* **Data extract**
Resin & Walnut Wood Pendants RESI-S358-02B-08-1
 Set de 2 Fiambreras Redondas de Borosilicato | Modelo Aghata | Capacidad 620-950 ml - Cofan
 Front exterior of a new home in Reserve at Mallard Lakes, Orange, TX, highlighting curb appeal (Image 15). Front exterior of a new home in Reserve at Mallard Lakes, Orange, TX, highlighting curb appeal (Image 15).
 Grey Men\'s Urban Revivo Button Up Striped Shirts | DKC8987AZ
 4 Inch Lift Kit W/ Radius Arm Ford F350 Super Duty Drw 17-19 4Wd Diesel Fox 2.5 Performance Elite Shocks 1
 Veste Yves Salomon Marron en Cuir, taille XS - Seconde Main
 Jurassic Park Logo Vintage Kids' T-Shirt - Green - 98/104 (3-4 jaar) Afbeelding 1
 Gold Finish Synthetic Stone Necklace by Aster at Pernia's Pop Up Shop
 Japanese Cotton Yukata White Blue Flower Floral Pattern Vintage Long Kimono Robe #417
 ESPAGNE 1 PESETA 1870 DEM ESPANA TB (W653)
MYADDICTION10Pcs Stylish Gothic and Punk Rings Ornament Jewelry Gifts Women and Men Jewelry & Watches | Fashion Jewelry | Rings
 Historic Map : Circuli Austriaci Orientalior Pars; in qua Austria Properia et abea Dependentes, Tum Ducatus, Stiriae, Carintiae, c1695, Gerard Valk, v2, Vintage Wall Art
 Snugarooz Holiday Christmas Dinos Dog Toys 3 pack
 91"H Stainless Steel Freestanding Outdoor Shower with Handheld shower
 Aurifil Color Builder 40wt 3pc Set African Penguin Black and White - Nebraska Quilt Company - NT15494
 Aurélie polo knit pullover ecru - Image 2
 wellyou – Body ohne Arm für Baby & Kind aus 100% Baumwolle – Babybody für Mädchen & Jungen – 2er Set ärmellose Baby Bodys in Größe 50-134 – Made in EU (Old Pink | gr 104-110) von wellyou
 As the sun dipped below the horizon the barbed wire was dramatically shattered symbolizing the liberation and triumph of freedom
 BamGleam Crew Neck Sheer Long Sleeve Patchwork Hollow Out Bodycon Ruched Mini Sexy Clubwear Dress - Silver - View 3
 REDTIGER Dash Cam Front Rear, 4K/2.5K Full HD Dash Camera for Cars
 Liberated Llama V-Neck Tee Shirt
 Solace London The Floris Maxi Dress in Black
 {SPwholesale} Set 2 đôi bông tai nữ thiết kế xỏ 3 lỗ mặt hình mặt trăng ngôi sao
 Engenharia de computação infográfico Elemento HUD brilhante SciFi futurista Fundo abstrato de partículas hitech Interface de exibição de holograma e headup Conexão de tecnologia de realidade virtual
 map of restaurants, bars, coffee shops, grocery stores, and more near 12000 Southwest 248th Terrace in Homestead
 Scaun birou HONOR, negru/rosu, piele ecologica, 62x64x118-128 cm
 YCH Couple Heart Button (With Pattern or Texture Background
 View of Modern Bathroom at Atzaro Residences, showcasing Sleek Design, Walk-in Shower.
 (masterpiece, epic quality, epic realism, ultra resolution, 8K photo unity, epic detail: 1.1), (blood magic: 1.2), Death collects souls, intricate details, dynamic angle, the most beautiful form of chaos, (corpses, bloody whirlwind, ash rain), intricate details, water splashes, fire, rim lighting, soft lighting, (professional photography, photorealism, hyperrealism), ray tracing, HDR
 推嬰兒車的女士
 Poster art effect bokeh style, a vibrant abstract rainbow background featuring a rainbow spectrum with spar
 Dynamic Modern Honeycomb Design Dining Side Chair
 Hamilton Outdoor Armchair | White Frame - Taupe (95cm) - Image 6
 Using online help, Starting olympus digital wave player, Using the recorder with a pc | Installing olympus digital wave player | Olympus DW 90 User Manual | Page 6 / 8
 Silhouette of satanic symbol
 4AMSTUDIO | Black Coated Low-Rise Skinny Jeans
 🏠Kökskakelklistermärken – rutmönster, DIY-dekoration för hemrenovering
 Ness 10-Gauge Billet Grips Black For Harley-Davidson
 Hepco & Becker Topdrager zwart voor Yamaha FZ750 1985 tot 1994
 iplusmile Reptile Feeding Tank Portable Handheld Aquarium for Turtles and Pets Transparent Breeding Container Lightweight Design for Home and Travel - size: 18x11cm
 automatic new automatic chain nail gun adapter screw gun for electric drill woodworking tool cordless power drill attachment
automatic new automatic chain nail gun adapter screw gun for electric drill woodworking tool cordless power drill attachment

* **Directions for this task**
Whenever a line of the data contains "electric", it counts; state how many such lines there are, with nothing added.

* **Solution to the problem**
2